Eric Meyers has a nice article about the earliest synagogues in The Jewish Week. He is especially interested in the immediate post-70 situation and what it might tell us about the development of Judaism:
One of the more important and sensitive historical issues that has emerged in the course of this debate, based to a large degree on the paucity of synagogue remains post-70, is the degree to which classical Judaism arose in response to Christianity or the degree to which the tragedy of the two wars with Rome (66-70, 132-135 CE) led the Jewish people to re-evaluate their tradition and successfully reinterpret it within the changed circumstances of two crushing defeats.

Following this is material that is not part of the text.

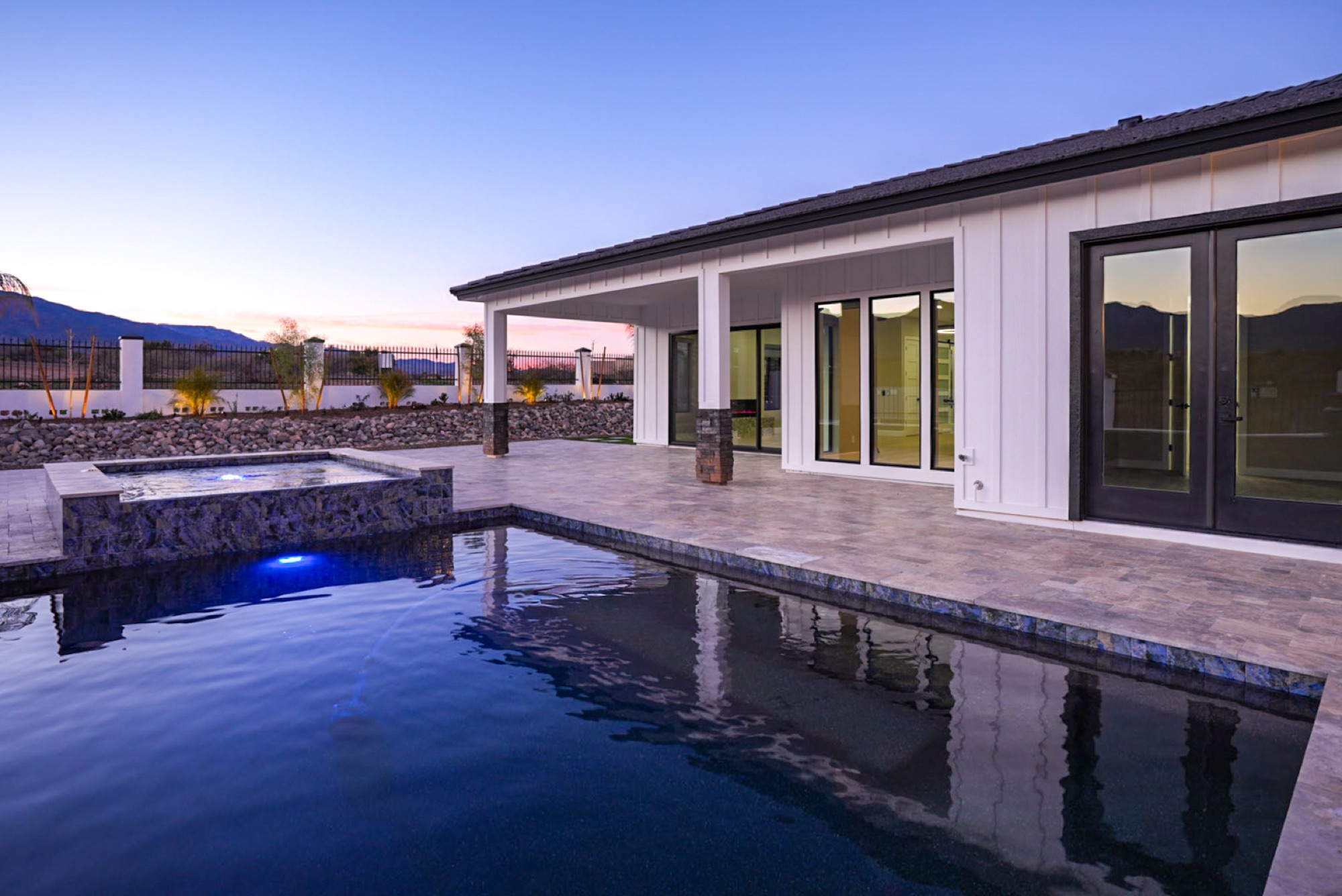 Heated pool and spa lit at twilight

In my view this period in the history of Judaism was as definitive as the period after the destruction of the First Temple in 586 BCE when the exiled Judeans not only survived but managed to pray without the Temple and began the task of editing the books of Scripture that would help them maintain their identity and keep the traditions of former times. The first centuries after 70 CE also led to publication of the Mishnah by 200 CE and many of the early biblical commentaries. It is unimaginable that all of this literary creativity, along with the development of the synagogue liturgy, could have happened without a physical setting in which it could take shape. The most logical setting is the synagogue as a structure where the Torah was read, translated and interpreted; where homilies were given; and where the liturgy was sung and recited.